A sensor that is only composed of one RNS ring counter is used as a reference to measure the clock signal with a fixed frequency of 20MHz, and the remaining sensors are RO sensors. Sensor locations are fixed using a physical constraint file via a TCL script. The deployment of 1400 sensors is shown in Figure 4.6, where the right image shows the complete fabric and the left image is the magnification of the bottom-left part of the fabric. In Figure 4.6, the sensors are placed into physical blocks (Pblocks) marked in pink consisting of two rectangles next to each other, where the RO is located into the larger rectangle and the counter located into the smaller one. The reference sensor only includes the RNS ring counter (Count\_0), which is used to measure the clock signal with a fixed frequency of 20MHz. An ageing sensor (sensor 14) is composed of one RO (RO\_14) and one RNS ring counter (Count\_14).



Figure 4.6: The deployment of 1400 sensors

### 4.3 Design and Operation of the Proposed Method

In this section, the design and operation of the proposed PV mapping technique are presented. The overall architecture is already presented in the introduction of this chapter, and here we focus in more detail on the modules developed in this thesis work and their operation. The main design is shown in Figure 4.7, where N sensors are placed in the sensor array, and a controller is a state machine that operates the sensors and stores the results in memory via the AXI interface.



Figure 4.7: The Principal Design of our method

The operation flow of our method is illustrated in Figure 4.8, where 'N\_S' and 'N\_R' represent the number of sensors and the number of repetitions. The repetition of measurements is a feature that we only need for precision measurement experiments, and is not meant to be always included in the PV mapping circuitry. The main reason for this is that for repeating measurements for a sensor, there is a need to reset the SRL32 blocks (as SRL32s lack a reset signal and are normally meant to be initialized once during the programming of the FPGAs). The added reset circuitry takes resources from the fabric that could otherwise be used for including more sensors into the PV mapping design.



Figure 4.8: The operation flow of our method

As shown in Figure 4.8, the operation is described as follows. First, the signal *sensor\_id*[N - 1:0] is specified to select among the residues outputs of the N sensors. Then, the signal *ro\_select*[N - 1:0] and *counter\_select*[N - 1:0] are used to activate the RO and the counter of corresponding sensor, respectively.

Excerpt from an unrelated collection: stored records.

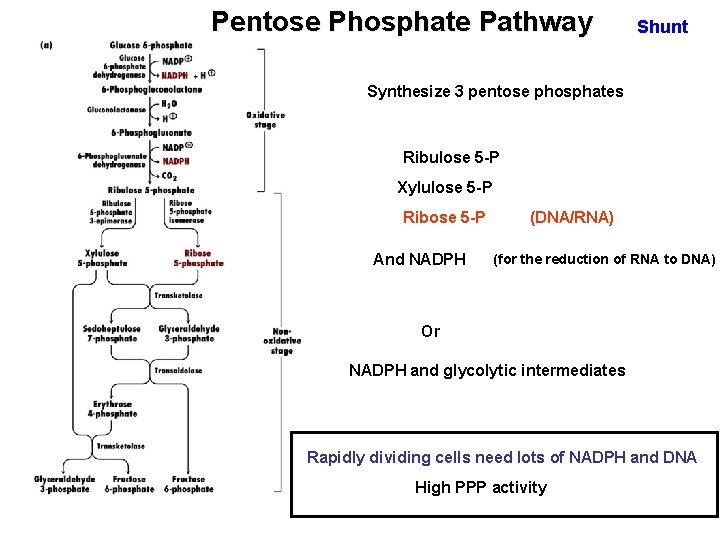 Pentose Phosphate Pathway Shunt Synthesize 3 pentose phosphates Ribulose 5 -P Xylulose 5 -P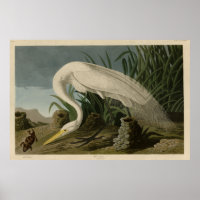 White Heron, Great Egret, Audubon Birds of America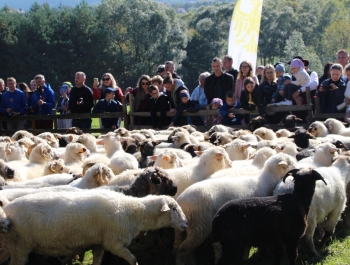 Zakończenie Sezonu Pasterskiego w Województwie Śląskim - zdjęcie25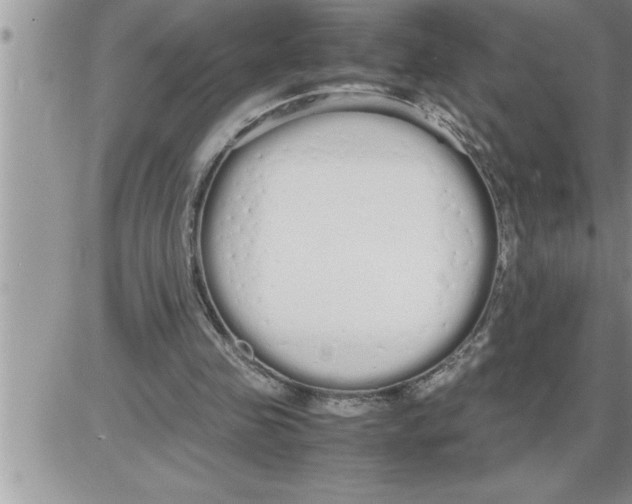 X0000086330341200704271948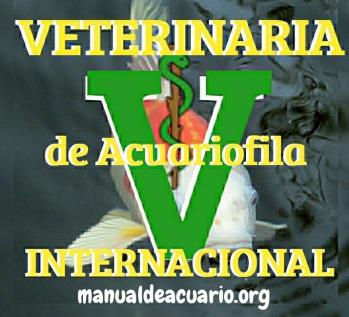 VETERINARIOS DE ACUARIOFILIA Y ASESORES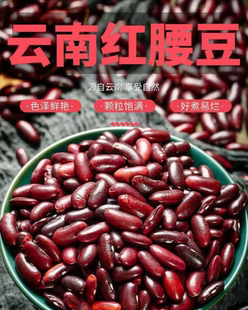 新货云南农家自产红腰豆 沙糯易煮口味香甜颗粒饱满饱五谷杂粮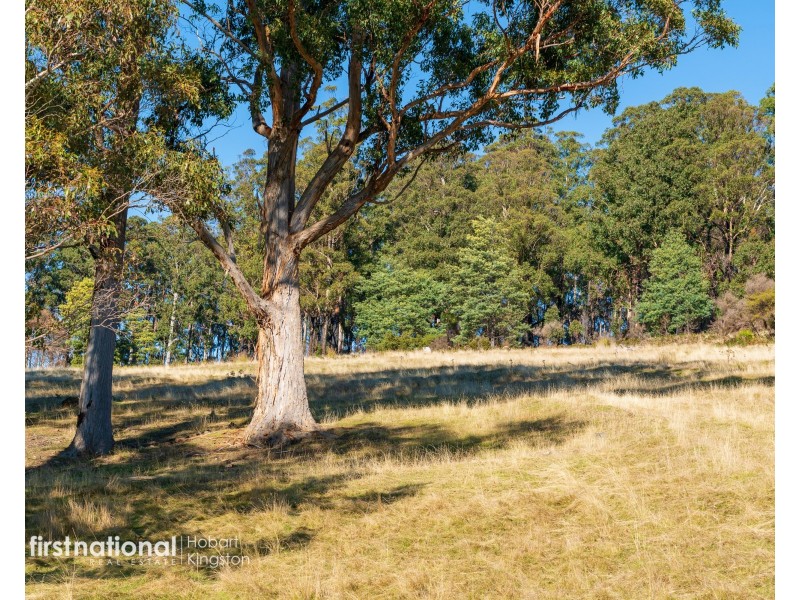 Lot 2 Rileys Creek Road, Geeveston TAS 7116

In addition, the signal *residues*[2:0] and *addr*[15:0] are utilized to find the residues and store the three residues.

In order to avoid metastability in clock domain crossing and remove glitches (by glitches, we mean the width of the clock enable signals being less than what is allowed by the specification ), *counter\_select* needs synchronization, which can be achieved by introducing extra FFs shown as in Figure 4.9.



Figure 4.9: The schematic of introducing extra Flip-Flops

To activate and read from each sensor, the select signal (i.e.  $sensor_id[N-1:0]$ ) is set to choose the residues output of the sensor that is being activated. After the sensor's output is chosen, the enable signal of RO (i.e.  $ro\_select = 1$ ) is activated such that RO starts oscillating. To let RO reach a steady-state with a stable and constant frequency, the controller waits for 10.24  $\mu s$ , and next, the enable signal of the counter is activated to count (i.e. *counter select* = 1) for 40.96  $\mu$ s. These time durations are chosen to abide by the total  $50\mu s$  maximum activation of the RO mentioned in [10] to avoid damages due to extra heating. In Section 4.4, we will discuss the impact of the choice on measurement length of the accuracy of measurements. After that, enabling signals of RO and counter are disabled in separate steps to allow the *counter\_select* signal propagate to the counter before we disable the RO (i.e.  $ro\_select = counter\_select = 0$ ). When the controller has a higher frequency than the ROs, we need to wait for at least  $2 \times \frac{F_C}{F_{RO}}$  clock cycles ( $F_C$  being the frequency of the controller, and  $F_{RO}$  being the frequency of the RO) to let the deactivation signal go through the synchronization flip-flops before the RO is disabled. Then, the 15-bit address (5-bit address bus for each SRL32) is swept, and simultaneously the 3-bits output from the RNS ring counters (each bit for one SRL32 output) is monitored for a value of '1' to obtain the residue values of the counter. Since each residue bit comes from a different SRL, the three residue bits do not become '1' at the same time, and therefore, as soon as a residue bit becomes '1', its corresponding 5-bit address is stored. The value of the counter's 15-bit address bus is stored as the concatenation of the three separately stored 5-bit addresses. Next, the obtained residue values are stored in the BRAMs via the AXI interface. When the residues are recorded, it means that one measurement of one sensor is finished. Then, immediately, the next sensor is chosen and the above steps are repeated until one measurement of all sensors is done.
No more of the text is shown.